**DATA RECORDS:**
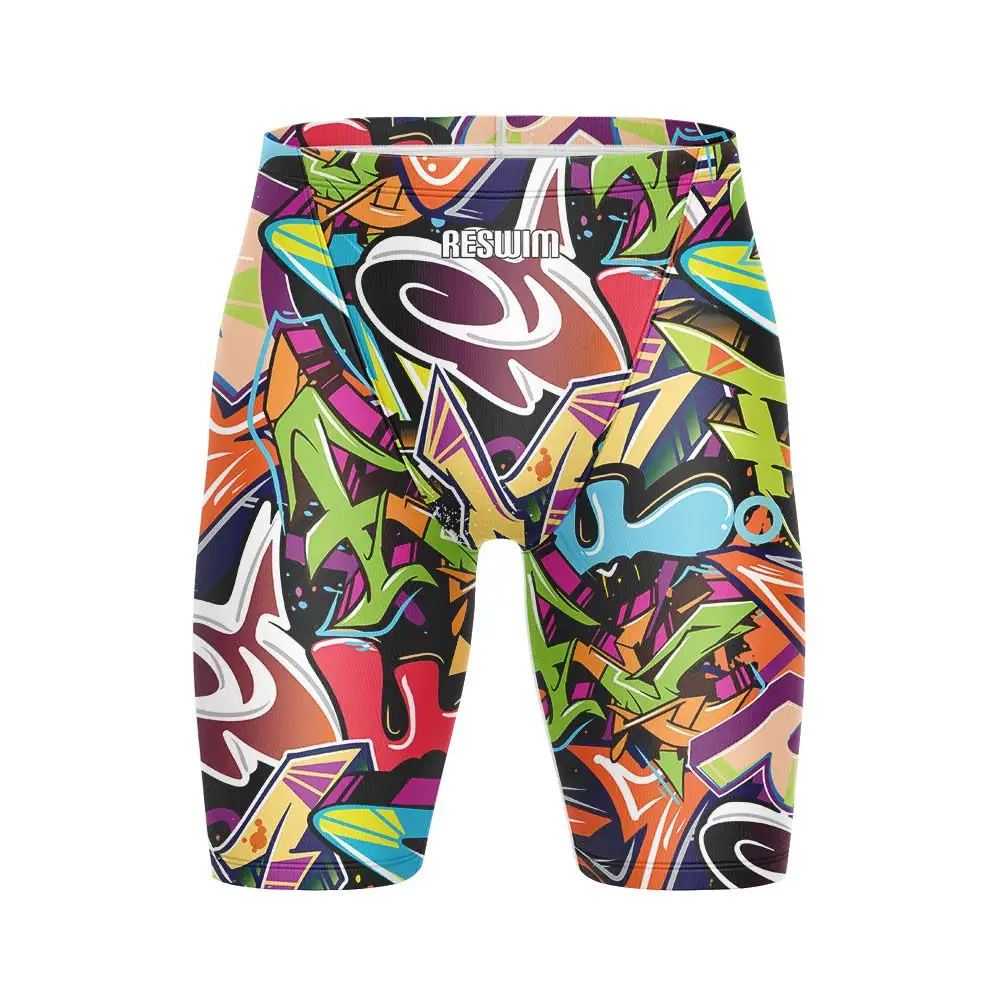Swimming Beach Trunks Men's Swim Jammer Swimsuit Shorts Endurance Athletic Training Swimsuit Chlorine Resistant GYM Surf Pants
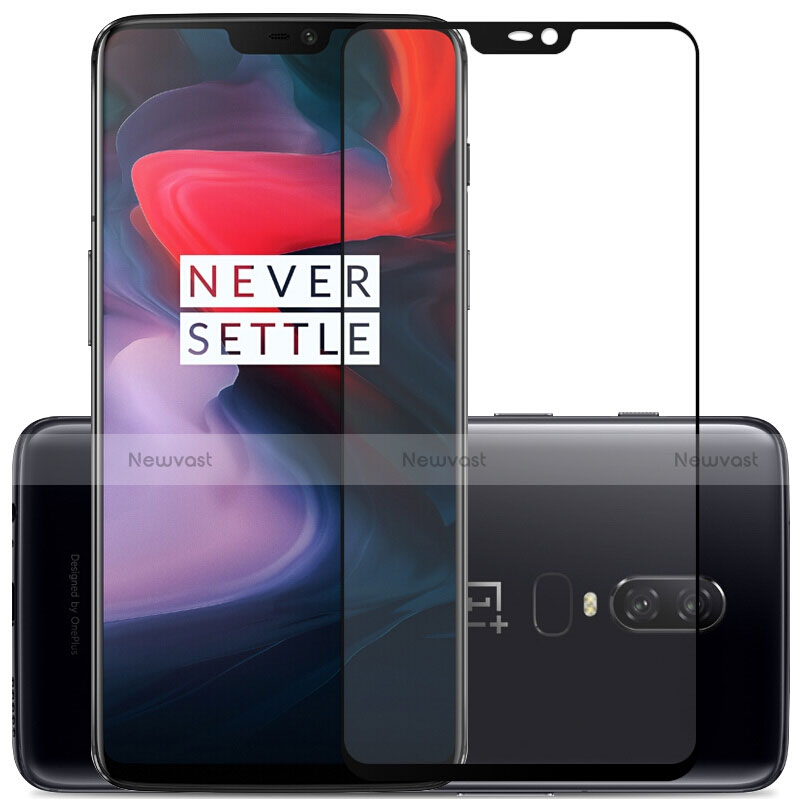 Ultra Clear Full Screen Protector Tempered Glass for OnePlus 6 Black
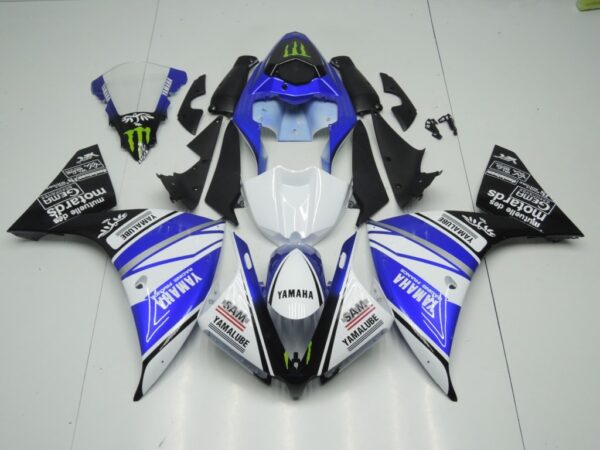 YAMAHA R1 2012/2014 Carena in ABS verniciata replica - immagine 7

...

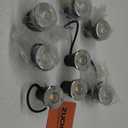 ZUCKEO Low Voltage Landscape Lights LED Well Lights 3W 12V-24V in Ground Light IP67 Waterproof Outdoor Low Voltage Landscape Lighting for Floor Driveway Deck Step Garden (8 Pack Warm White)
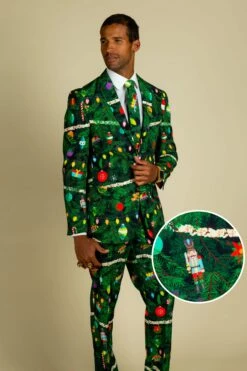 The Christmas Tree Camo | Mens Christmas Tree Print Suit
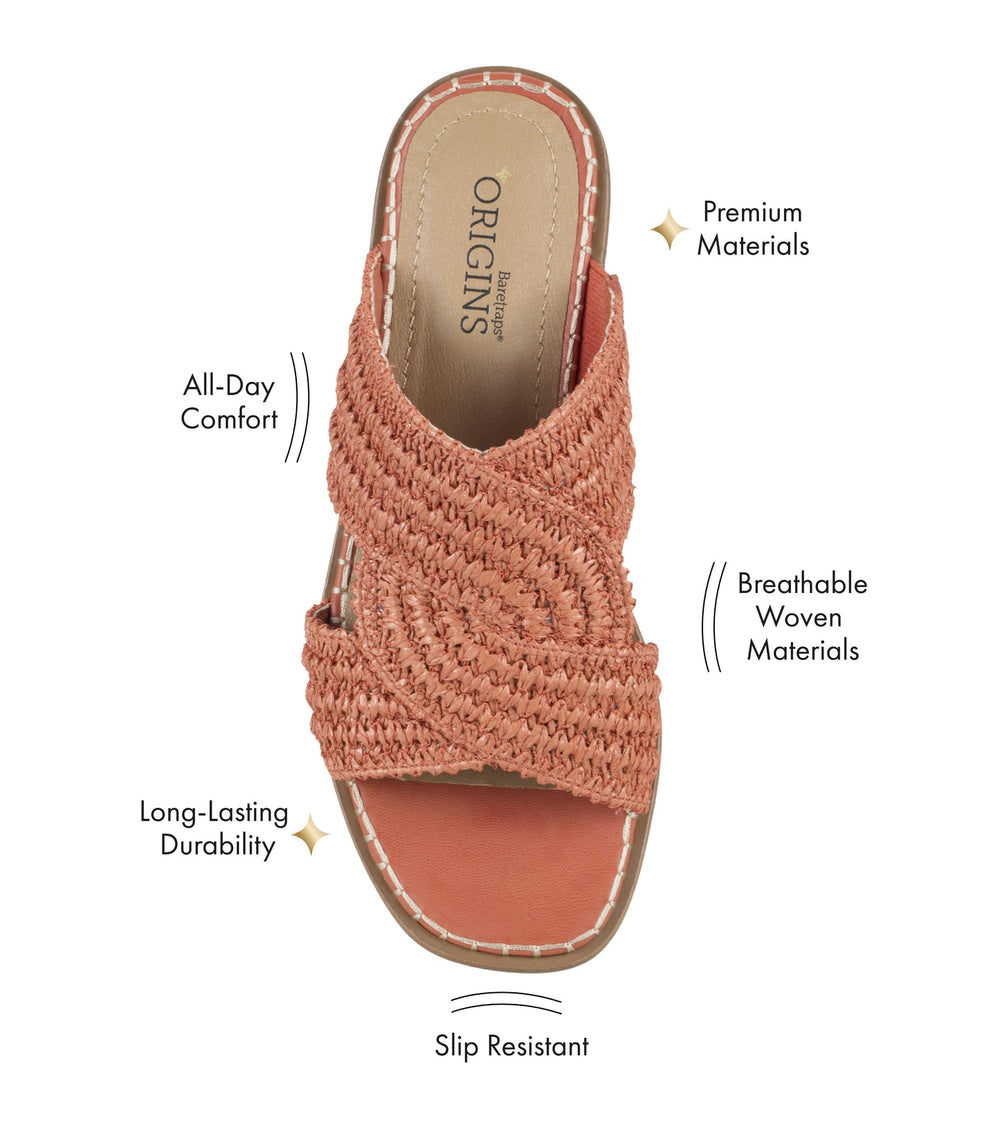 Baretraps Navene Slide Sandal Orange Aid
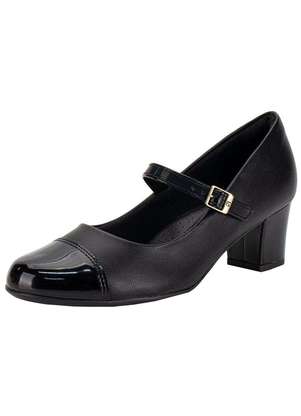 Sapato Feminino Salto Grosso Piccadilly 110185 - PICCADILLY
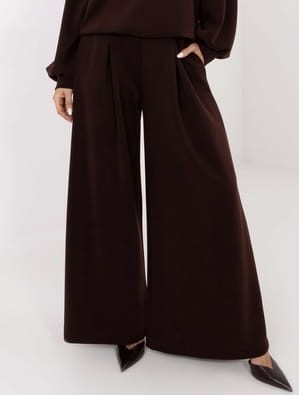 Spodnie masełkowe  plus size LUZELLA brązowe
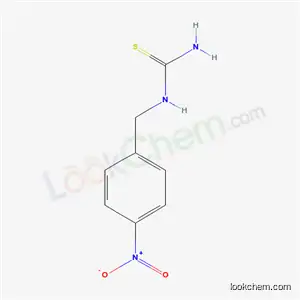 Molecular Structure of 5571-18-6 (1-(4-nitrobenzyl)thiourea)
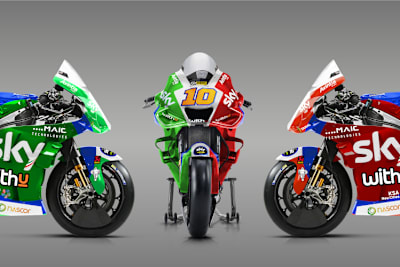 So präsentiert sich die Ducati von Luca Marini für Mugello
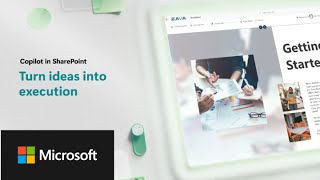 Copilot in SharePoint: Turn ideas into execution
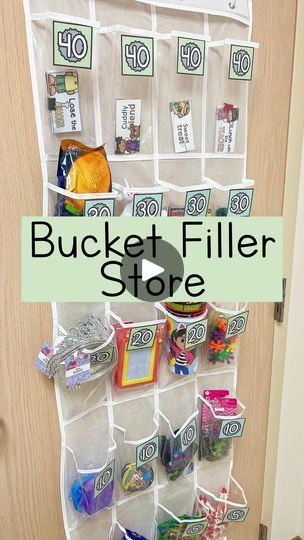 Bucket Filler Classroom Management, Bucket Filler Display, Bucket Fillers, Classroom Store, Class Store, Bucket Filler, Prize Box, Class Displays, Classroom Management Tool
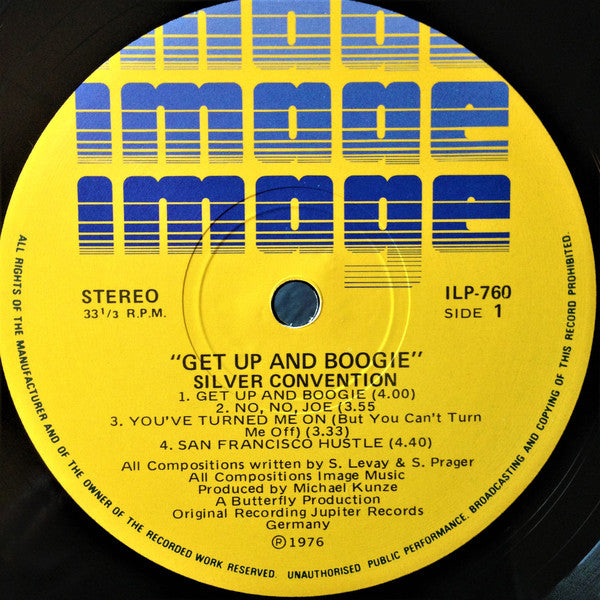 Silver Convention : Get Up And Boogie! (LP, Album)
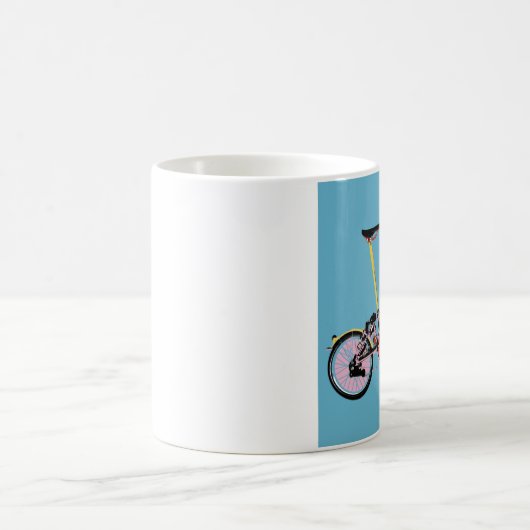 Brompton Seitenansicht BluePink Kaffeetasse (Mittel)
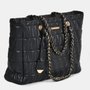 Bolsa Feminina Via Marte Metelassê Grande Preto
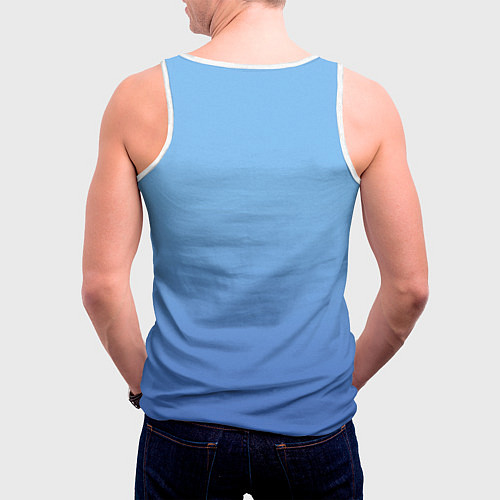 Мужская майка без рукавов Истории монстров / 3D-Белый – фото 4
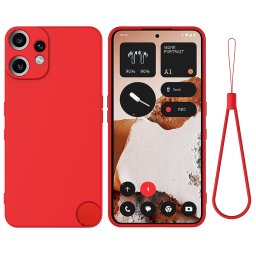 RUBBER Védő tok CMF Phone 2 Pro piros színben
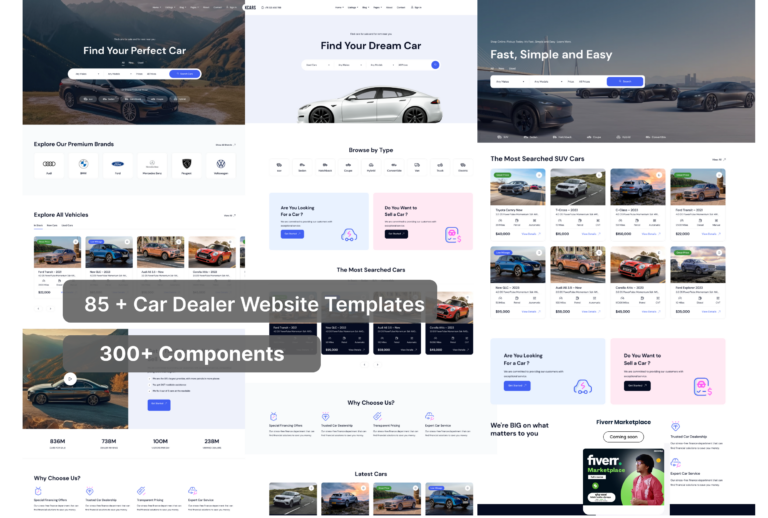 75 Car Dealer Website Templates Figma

**TASK DIRECTIONS:** Your answer must be the exact lines from the records above, from the one containing "Bolsa Feminina Via" through the one containing "75 Car Dealer Website Templates Figma", both included, with every picture left out.

**RESULT FOR THIS EXERCISE:**
 Bolsa Feminina Via Marte Metelassê Grande Preto
 Мужская майка без рукавов Истории монстров / 3D-Белый – фото 4
 RUBBER Védő tok CMF Phone 2 Pro piros színben
 75 Car Dealer Website Templates Figma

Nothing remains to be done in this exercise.